> [Dataset extract]
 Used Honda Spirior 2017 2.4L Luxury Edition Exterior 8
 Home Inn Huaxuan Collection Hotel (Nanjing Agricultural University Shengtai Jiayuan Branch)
==
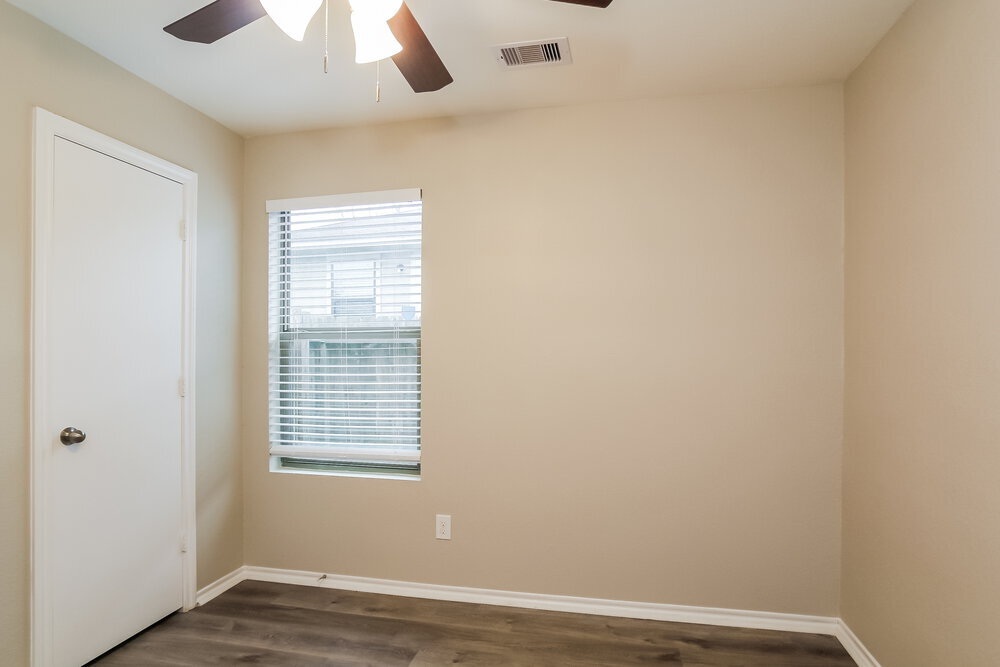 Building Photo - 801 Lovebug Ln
--
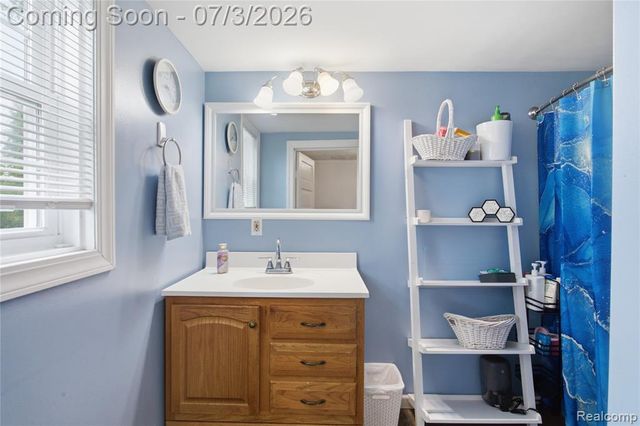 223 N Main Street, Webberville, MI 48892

> [Task directions] Of all the entries above, output exactly the lines between the one holding "Used Honda Spirior" and the one holding "Home Inn Huaxuan", inclusive.

> [Response box]
 Used Honda Spirior 2017 2.4L Luxury Edition Exterior 8
 Home Inn Huaxuan Collection Hotel (Nanjing Agricultural University Shengtai Jiayuan Branch)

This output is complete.